### WORK INSTRUCTION
Everything in the data except the pictures belongs in your answer, copied exactly.

### SUPPLIED MATERIAL
━━━━
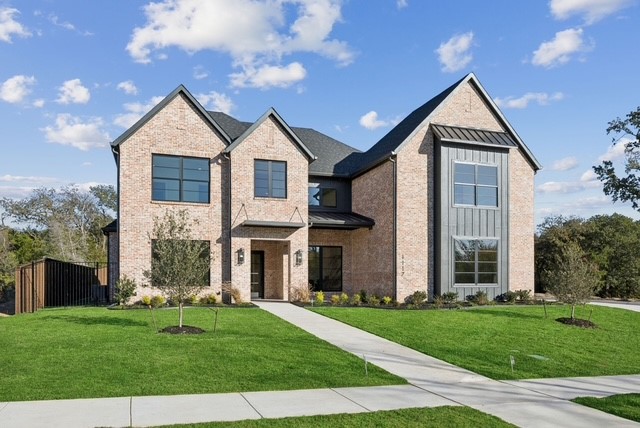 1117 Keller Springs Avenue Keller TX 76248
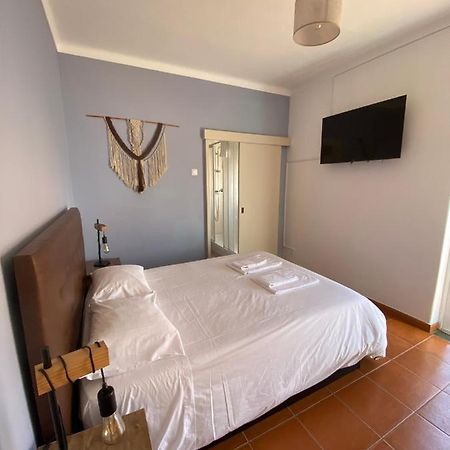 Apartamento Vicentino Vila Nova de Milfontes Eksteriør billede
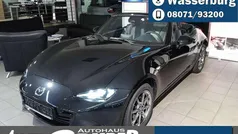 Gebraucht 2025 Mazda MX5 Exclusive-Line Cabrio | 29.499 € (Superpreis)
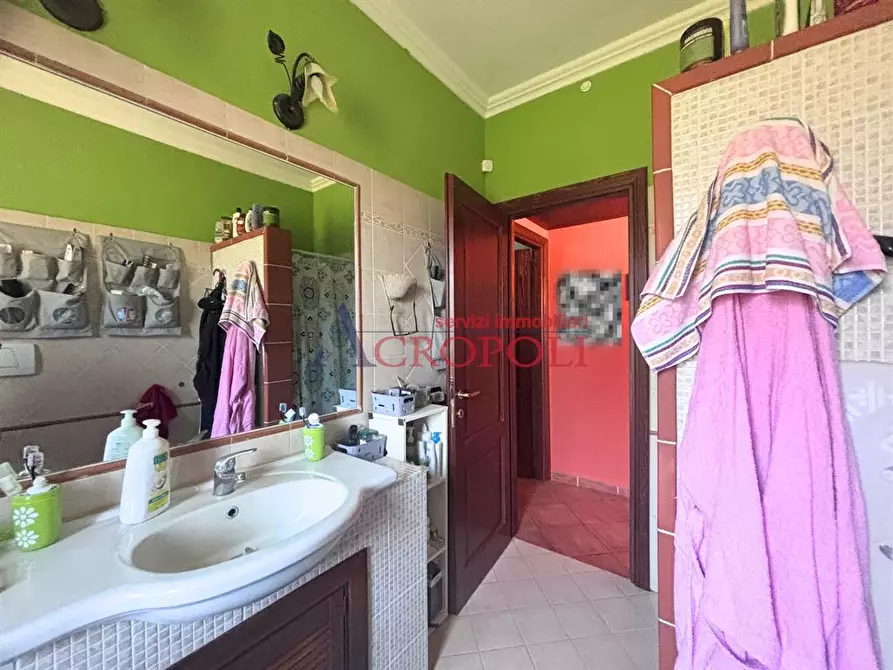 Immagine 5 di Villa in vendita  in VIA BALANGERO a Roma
━━━━
### REPLY TO THE TASK
 1117 Keller Springs Avenue Keller TX 76248
 Apartamento Vicentino Vila Nova de Milfontes Eksteriør billede
 Gebraucht 2025 Mazda MX5 Exclusive-Line Cabrio | 29.499 € (Superpreis)
 Immagine 5 di Villa in vendita  in VIA BALANGERO a Roma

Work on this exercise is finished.